Un développement durable conditionné au droit des femmes à disposer de leur corps.
Le développement durable, parce qu’il implique une triple exigence d’équité sociale, d’efficacité économique et de qualité environnementale, et impose le respect de principes fondamentaux, parmi lesquels la solidarité et la participation de chacun(e) à l’effort collectif, ne saurait être réalisé sans la contribution des femmes.
Le fait que les femmes, qui représentent la moitié de l’humanité, fassent l’objet de discriminations et de violences parfois extrêmes, constitue l’un des principaux freins au développement durable tel que défini plus haut.
C’est non seulement une question de justice, mais aussi d’efficacité dans la mesure où les femmes ont la responsabilité principale de la prise en charge des enfants, et qu’en outre, elles jouent, dans nombre de sociétés, un rôle social majeur dans la gestion des ressources naturelles (eau, énergie) et dans l’agriculture.
En conséquence, il est essentiel de mettre en œuvre des programmes visant à éliminer ces discriminations et ces situations de violence afin que les femmes soient des actrices économiques à part entière.
Ne pas passer à côté de l’essentiel
La complexité des implications culturelles, sociétales, économiques, juridiques, des programmes d’action relatifs aux rapports sociaux de sexe, nous fait craindre que les conférences à venir sur ces sujets n’aboutissent à de multiples propositions telles que celles déjà élaborées dans le passé. Le risque étant de passer à côté d’une exigence essentielle en amont de toutes les autres : la reconnaissance sans délai et sans réserves du droit fondamental des femmes à maîtriser leur corps.

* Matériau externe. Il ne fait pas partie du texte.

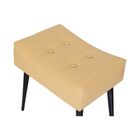 Kit 2 Puffs Banquetas Nobre Mostarda Com Pé Palito Chanfrado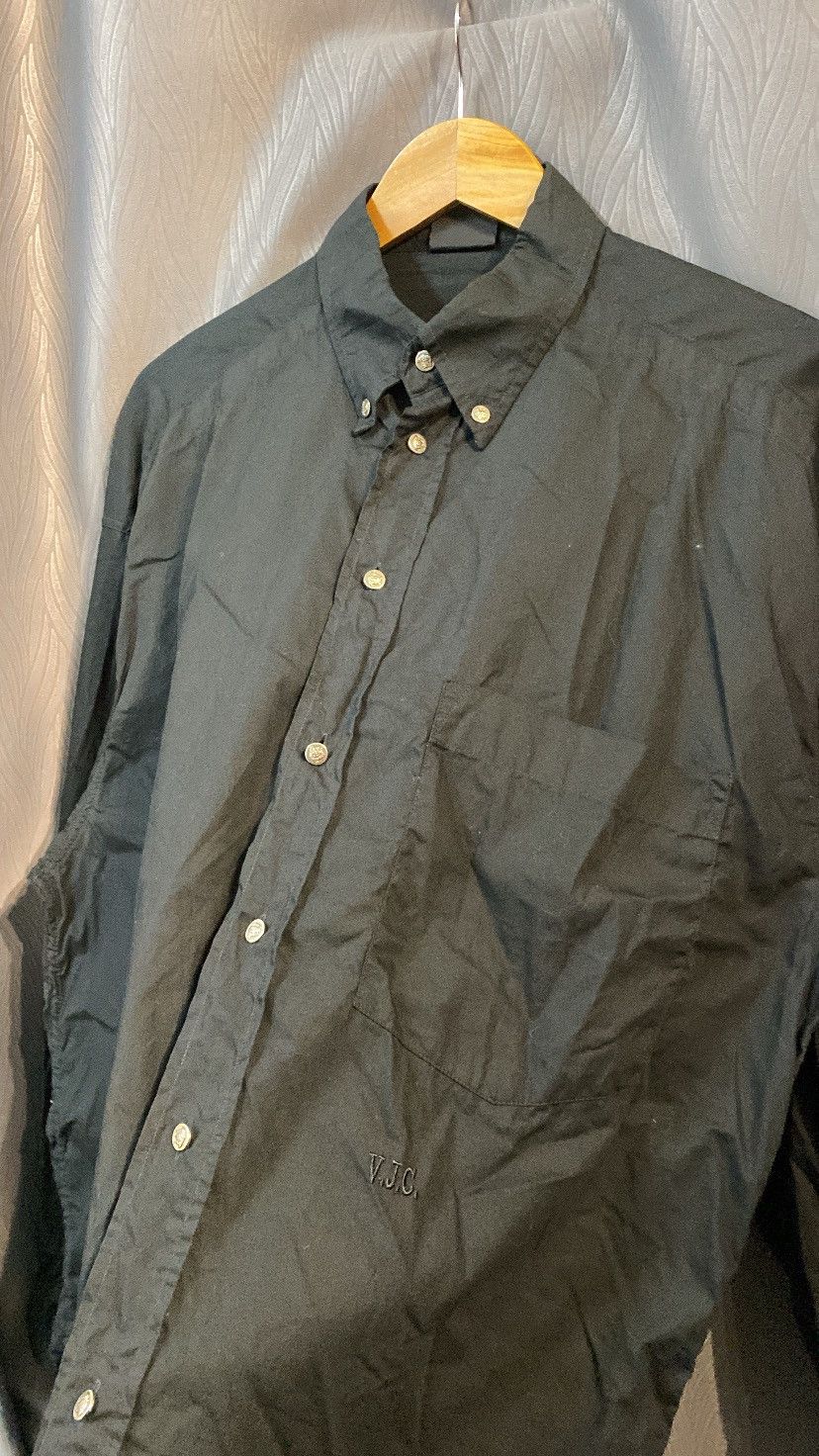 Designer × Versace Jeans Couture Versace Jeans Couture Shirt Button Up Black Size US XL / EU 56 / 4 - 2 Thumbnail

Ainsi que cela est souligné dans un rapport auprès du Conseil des droits de l’homme des Nations Unies (Anand Grover, Rapporteur spécial au Conseil des droits de l’homme, sur le droit qu’a toute personne de jouir du meilleur état de santé physique et mentale possible, conformément aux résolutions 15/22 et 6/29 du Conseil des droits de l’homme (rapport présenté à l’AG des NU/A 66/254 : diffusion le 3 août 2011/Soixante-sixième session), il s’agit d’un droit à la santé que les États ont le devoir de respecter :
« La réalisation du droit à la santé implique la levée des obstacles qui entravent les décisions personnelles en matière de santé ainsi que l’accès aux services, à l’éducation et aux informations dans ce domaine, en particulier pour les états de santé qui affectent uniquement les femmes et les filles. Dans les cas où l’obstacle est érigé par une loi pénale ou autre instrument législatif, les États ont l’obligation de le lever. L’abrogation de ces lois et restrictions imposées par la loi n’est pas soumise à des contraintes de ressources et ne peut dès lors être considérée comme devant s’opérer uniquement de manière progressive. Les obstacles créés par le droit pénal et par d’autres lois et politiques qui affectent la santé sexuelle et génésique doivent dès lors être levés immédiatement afin de garantir l’exercice sans restriction du droit à la santé. »
Droits et développement durable vont de pair
Il est clair que les femmes ne peuvent devenir des actrices économiques à part entière que si elles sont en mesure de choisir le nombre d’enfants qu’elles souhaitent et le moment de les avoir.
Aujourd’hui, le lien entre démographie et niveau d’éducation des femmes est reconnu en Europe, l’inflexion de la croissance démographique a été structurée par l’accès à la contraception et à l’avortement, lié au niveau d’éducation des filles. Réciproquement, une démographie non contrôlée par les femmes concernées se traduit par l’abandon des études.
En ce qui concerne l’aspect environnemental, les dernières projections de l’ONU concernant la population mondiale montrent que les 10 milliards d’humains seront atteints en 2050. Or, même si nous savons que l’empreinte écologique d’un bébé bengali est bien inférieure à celle d’un bébé français, on ne peut pour autant contester que croissance démographique et déséquilibre des populations impactent gravement l’environnement. En outre, nombre de rapports internationaux montrent que, dans la majeure partie des pays en développement, ces déséquilibres associés au dérèglement climatique induisent un accroissement de la pauvreté des femmes, de leur insécurité alimentaire, et des violences à leur égard.
En conclusion, si la reconnaissance du droit des femmes à maîtriser leur fécondité, y compris en recourant à l’avortement, apparaît comme essentielle pour garantir leur autonomie, partout dans le monde, on constate que cette question est sous-estimée, marginalisée, voire exclue des sujets débattus dans nombre de rencontres internationales, sous des prétextes culturels religieux ou géopolitiques.
Or il ne saurait y avoir de développement durable sans le respect des droits fondamentaux des individus, au premier chef desquels, le droit des femmes à disposer librement de leur corps.